Magnetic fusion energy research uses magnetic fields to confine the fusion fuel in the form of a plasma (ionized gas) while it is heated to the very high temperatures (more than 100 million degrees) necessary for the ions to fuse and release excess energy that can then be turned into electricity. The most developed approach uses the tokamak magnetic confinement geometry (a torus shaped vessel), and it is the basis for ITER, a 500-MW heat generating fusion plant currently being built in France by a consortium of seven parties—China, the European Union, India, Japan, Russia, South Korea and the United States.
In the tokamak configuration, the confining magnetic field is generated by external coils and by an electric current flowing within the plasma. The cost of driving these currents has a strong impact on the economic attractiveness of a fusion reactor based on the tokamak approach. One step to minimizing this cost is to make the external coils of superconducting wire. The second step is to take full advantage of a surprising feature of the tokamak configuration: under certain conditions the electric current in the plasma can be generated by the plasma itself ("bootstrap" current).
The recent joint experiment, carried out on the DIII-D National Fusion Facility at General Atomics in San Diego, involved scientists from the DIII-D tokamak and from the Experimental Advanced Superconducting Tokamak (EAST), a fusion energy research facility at the Institute of Plasma Physics, Chinese Academy of Sciences (ASIPP) in Hefei, China. Building on earlier DIII-D work, the experiment found that it is feasible for a tokamak to operate reliably at high fusion performance with most (more than 85 percent) of its plasma current consisting of bootstrap current. These conditions were maintained for several seconds, beyond the characteristic time scale of the plasma current evolution, and limited only by DIII-D pulse length constraints.
Scientists from the EAST tokamak experiment work with their US colleagues in control room of the DIII-D tokamak where they carried out experiments to test concepts that will enable groundbreaking experiments in EAST in 2014.
(Photo Credit: Andrea Garofalo)
"It is often said that a plasma with a high fraction of self-generated (bootstrap) current would be difficult to control. However, these experiments show that a high bootstrap fraction plasma is very stable against transients: the plasma seems to 'like' a state where a large fraction of the current is self-generated," said Dr.
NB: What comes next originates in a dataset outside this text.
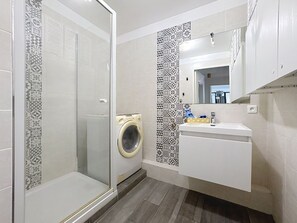 シャワー、ヘアドライヤー、タオル、石鹸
Andrea Garofalo, General Atomics scientist and co-leader of the joint experiment.
These results build the foundation for follow-up experiments to be conducted on EAST, where the superconducting coils enable extension to very long pulse, and verification of the compatibility of this regime with reactor relevant boundary conditions.
ASIPP Director Prof. Jiangang Li remarked, "After the successful joint experiments in DIII-D, I am fully convinced that the DIII-D results can be reproduced on EAST in the near future, which will help us achieve the demonstration of high fusion performance in long pulse tokamak discharges."